In a way, cruise ships are a little like Disneyland for adults:   a fantasy world full of guilty pleasures.  


Or there's always the tour bus alternative.









Saturday, August 30, 2014

Gift Books

                                                                       



Do you give books as gifts?  This post on The Passive Voice estimates that 9 million fewer  books were given as gifts in 2013 in the U.K.   Did you receive a  book as a gift last year?  In the past, I would buy books for my children to give as birthday presents when invited to a friend's birthday party.   This would inevitably be over their objections as they were of the firm belief that the latest plastic action hero figure was infinitely preferable.  I would expound on the virtues of books, not to mention their longevity but I have doubts as to my persuasive powers.   Usually, I would let them choose a second gift; children's books were $5 or less in those days.

Gift cards to large chain bookstores like Chapters are popular choices for thank you gifts and honorariums for guest speakers or workshop facilitators when a Starbucks card was deemed 'not enough'.  At least  recipients could make their own choice and these days large books stores have many non-book items for sale including cosmetics and towels.

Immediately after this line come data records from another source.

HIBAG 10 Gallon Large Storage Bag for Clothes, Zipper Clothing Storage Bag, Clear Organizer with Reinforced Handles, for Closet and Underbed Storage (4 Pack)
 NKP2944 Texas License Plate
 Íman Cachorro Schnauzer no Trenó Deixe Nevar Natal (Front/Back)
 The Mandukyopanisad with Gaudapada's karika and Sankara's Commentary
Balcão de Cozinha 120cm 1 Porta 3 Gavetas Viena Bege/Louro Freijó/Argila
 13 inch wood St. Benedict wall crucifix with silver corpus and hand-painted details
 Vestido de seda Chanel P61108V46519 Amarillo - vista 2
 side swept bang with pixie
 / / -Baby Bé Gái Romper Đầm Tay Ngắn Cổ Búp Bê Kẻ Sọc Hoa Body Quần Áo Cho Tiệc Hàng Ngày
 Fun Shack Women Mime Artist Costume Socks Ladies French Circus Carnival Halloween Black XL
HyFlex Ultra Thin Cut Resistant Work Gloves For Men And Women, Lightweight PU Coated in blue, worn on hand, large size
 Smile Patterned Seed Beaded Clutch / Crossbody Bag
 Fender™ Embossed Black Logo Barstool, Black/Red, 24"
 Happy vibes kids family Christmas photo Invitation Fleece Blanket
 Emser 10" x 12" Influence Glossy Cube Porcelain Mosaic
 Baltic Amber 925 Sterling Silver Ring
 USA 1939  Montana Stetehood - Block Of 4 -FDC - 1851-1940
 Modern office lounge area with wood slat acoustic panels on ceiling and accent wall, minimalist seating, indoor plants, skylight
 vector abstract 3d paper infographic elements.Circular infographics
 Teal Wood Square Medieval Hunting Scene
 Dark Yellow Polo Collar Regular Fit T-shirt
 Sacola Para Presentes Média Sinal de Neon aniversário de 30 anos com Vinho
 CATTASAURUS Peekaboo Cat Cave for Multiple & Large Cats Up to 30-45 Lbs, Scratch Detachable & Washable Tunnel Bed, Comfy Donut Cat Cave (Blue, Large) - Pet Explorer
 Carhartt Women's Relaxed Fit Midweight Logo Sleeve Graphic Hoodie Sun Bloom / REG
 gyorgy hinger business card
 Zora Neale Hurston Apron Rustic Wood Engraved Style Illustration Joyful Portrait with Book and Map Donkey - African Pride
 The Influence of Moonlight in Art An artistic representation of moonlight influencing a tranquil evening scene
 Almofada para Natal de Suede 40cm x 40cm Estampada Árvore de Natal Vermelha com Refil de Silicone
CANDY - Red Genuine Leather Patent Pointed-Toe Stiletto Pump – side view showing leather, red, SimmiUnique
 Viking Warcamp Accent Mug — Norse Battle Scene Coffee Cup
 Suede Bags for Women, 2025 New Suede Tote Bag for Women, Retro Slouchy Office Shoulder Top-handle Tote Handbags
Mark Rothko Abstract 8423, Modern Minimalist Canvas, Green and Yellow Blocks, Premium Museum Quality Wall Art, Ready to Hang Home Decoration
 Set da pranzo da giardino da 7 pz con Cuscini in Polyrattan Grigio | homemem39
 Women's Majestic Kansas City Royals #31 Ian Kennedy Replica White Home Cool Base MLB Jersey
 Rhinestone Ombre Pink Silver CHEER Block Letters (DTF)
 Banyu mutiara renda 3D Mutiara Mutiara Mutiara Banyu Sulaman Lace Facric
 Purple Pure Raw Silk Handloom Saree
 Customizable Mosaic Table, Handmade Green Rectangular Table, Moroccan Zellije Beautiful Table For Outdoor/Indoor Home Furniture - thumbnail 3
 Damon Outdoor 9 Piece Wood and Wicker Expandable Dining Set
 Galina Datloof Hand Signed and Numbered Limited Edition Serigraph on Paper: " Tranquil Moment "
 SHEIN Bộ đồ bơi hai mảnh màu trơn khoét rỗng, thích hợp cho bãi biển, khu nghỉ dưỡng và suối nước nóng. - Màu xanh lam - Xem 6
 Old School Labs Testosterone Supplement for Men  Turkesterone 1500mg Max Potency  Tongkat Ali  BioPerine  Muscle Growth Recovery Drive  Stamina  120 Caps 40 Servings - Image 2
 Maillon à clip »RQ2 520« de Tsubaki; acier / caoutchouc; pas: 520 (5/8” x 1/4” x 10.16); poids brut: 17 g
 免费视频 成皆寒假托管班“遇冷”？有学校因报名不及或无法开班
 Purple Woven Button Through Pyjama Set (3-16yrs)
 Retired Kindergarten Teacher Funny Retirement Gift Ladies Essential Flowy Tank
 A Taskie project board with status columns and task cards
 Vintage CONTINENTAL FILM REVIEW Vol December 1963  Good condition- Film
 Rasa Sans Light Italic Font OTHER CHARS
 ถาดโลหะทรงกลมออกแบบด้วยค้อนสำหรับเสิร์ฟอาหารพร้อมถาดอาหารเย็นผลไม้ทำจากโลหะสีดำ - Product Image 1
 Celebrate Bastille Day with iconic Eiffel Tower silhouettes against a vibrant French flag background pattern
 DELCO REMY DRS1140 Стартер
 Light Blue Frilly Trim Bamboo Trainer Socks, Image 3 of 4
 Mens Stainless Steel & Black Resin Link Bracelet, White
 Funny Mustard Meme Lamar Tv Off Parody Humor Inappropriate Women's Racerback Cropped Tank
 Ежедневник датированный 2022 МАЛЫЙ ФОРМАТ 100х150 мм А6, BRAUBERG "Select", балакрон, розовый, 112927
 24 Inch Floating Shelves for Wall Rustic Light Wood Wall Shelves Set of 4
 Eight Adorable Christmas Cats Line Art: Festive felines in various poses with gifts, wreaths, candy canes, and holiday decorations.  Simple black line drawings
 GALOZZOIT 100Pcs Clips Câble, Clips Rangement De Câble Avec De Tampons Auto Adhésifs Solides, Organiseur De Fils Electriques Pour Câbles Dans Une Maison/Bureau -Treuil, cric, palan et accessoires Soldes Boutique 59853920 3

I would hesitate to rely on the bestseller list in choosing a gift book.  Have a look at the current top ten and consider whether one would fit your gift giving objectives.   You might offend someone.   The recipient might wonder whether you were sending a subliminal message with your choice.

Many people have e-readers and might not be happy to receive a physical book after they spent several painful afternoons purging their collection.   A paperback book seems insubstantial somehow;  a throwaway item and hardcover books are usually more than $30.00.   If it is a reference book or something that will be re-read annually the money would be well spent but for a one-time read that may not even be finished, perhaps not.

Wednesday, August 27, 2014

Staying Connected







Nowadays, staying connected usually implies by means of cell phone, e-mail, Skype, Face Time, Facebook or some other invention of the Internet age.  Not so long ago handwritten letters were the norm, with telegrams reserved for emergencies.  No one wanted to get one of those.

When was the last time you wrote or received a handwritten letter from a friend or relative?  Can't remember?   Me neither.   That's probably why I'm not in a hurry to go to  our mailbox. Mostly bills.  But a letter, written a hundred or two hundred years ago, kept a tenuous link alive in an era when travel across oceans or continents took weeks or months.  I've read some interesting vignettes on this topic over the years that have stayed with me.   It was the custom in the past the write letters in a small horizontal script with lines closely spaced.   Sent infrequently, it was necessary to include as much information as possible to the loved one. After filling both sides of the page with text, the writer turned the paper and continued writing horizontally over the previous words.   Every scrap of space counted.

I've also read of another custom of considerably less volubility at a time when the recipient of the letter paid the postage, not the sender.   The impoverished settler would go to the local post office or greet the mail carrier at the  front door of the one room sod house.   Practice required that the addressee  be allowed to hold and look at the letter before deciding to pay the prescribed fee - one cent - to gain permanent possession.   In the tale, an  explanation was offered  for declining the letter:  The letter was from his sister as could be seen from the return address which also confirmed she was still living at the same location.   The fact that she was writing a letter in a clear hand showed that she was alive and well.   That was all her brother needed to know and in fact the envelope was empty.  I suppose a penny was a lot to pay.  

At least there was still a connection.